| What the task asks |
Repeat every line of the data exactly, but not the pictures.

| Dataset excerpt |
++++++++++
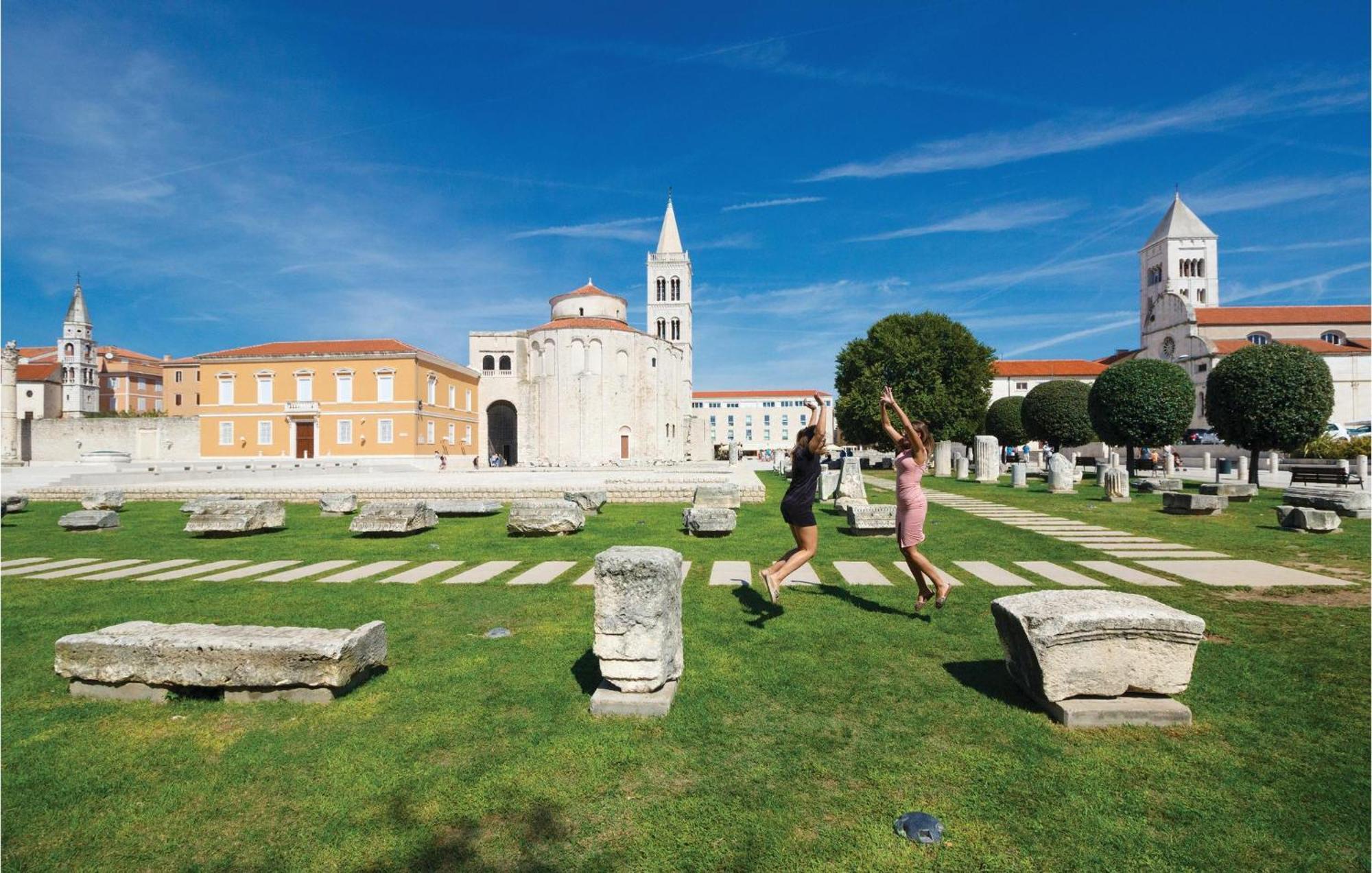 1 Bedroom Stunning Apartment In Zadar Luaran gambar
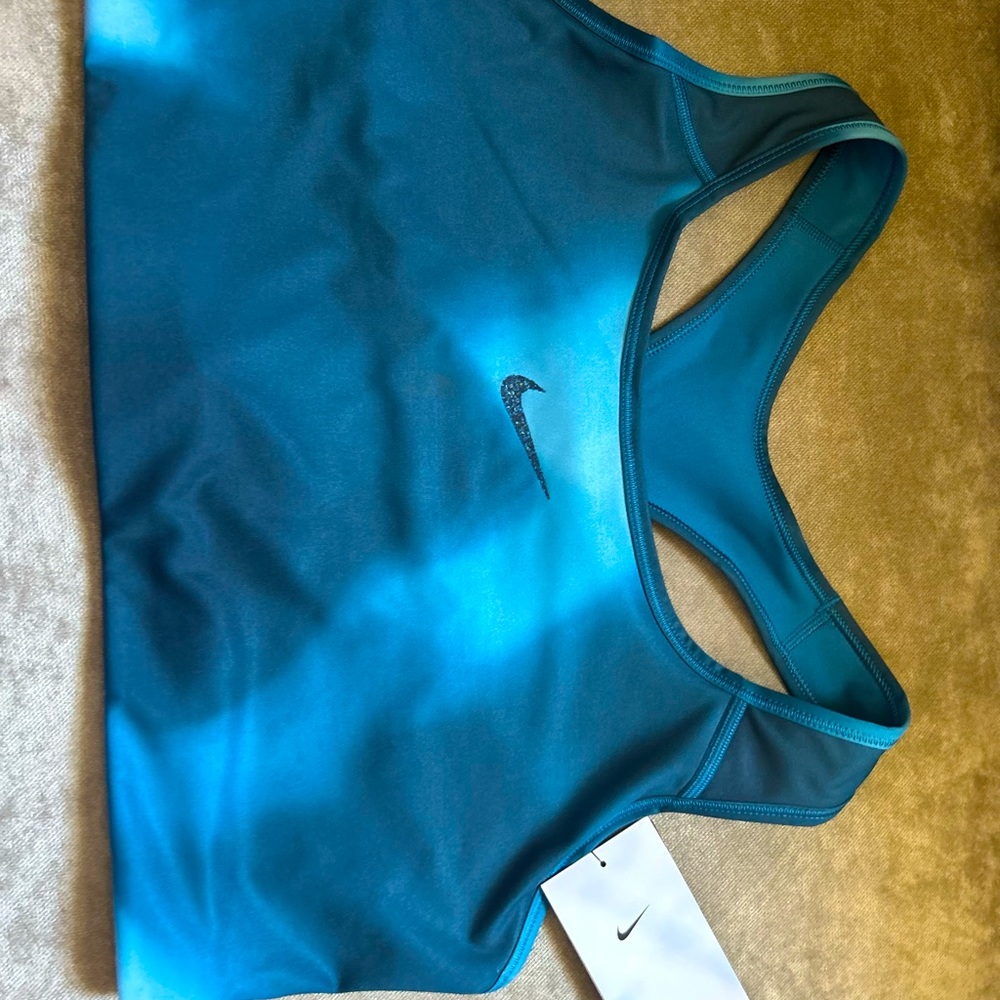 NWT Nike 1x Swoosh bra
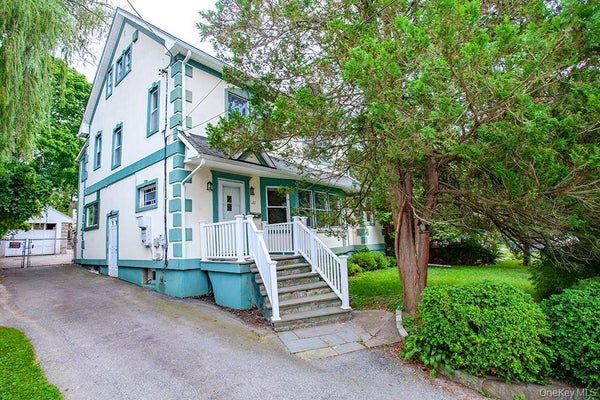 211 POMEROY ST, PEEKSKILL, NY 10566 - Image d348fec1bcc6cea1877ee5e413b1f628/1571290545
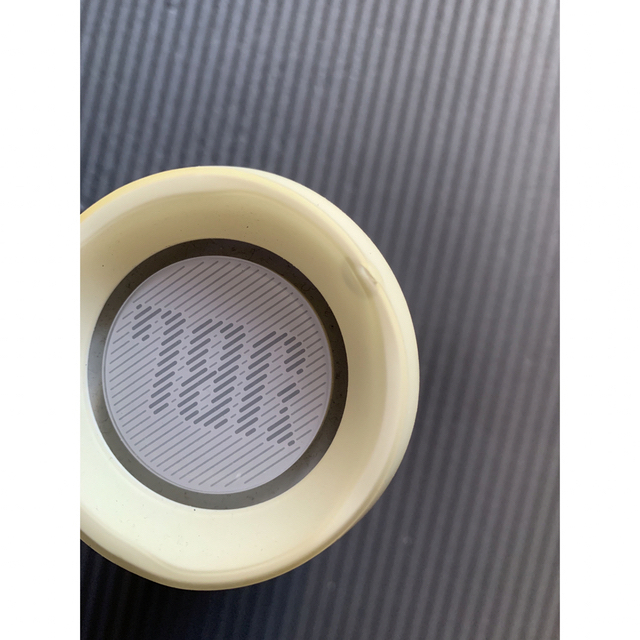 JBL FLIP4 WHITE Bluetoothスピーカー防水 スマホ/家電/カメラのオーディオ機器(スピーカー)の商品写真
++++++++++
| Output of the exercise |
 1 Bedroom Stunning Apartment In Zadar Luaran gambar
 NWT Nike 1x Swoosh bra
 211 POMEROY ST, PEEKSKILL, NY 10566 - Image d348fec1bcc6cea1877ee5e413b1f628/1571290545
 JBL FLIP4 WHITE Bluetoothスピーカー防水 スマホ/家電/カメラのオーディオ機器(スピーカー)の商品写真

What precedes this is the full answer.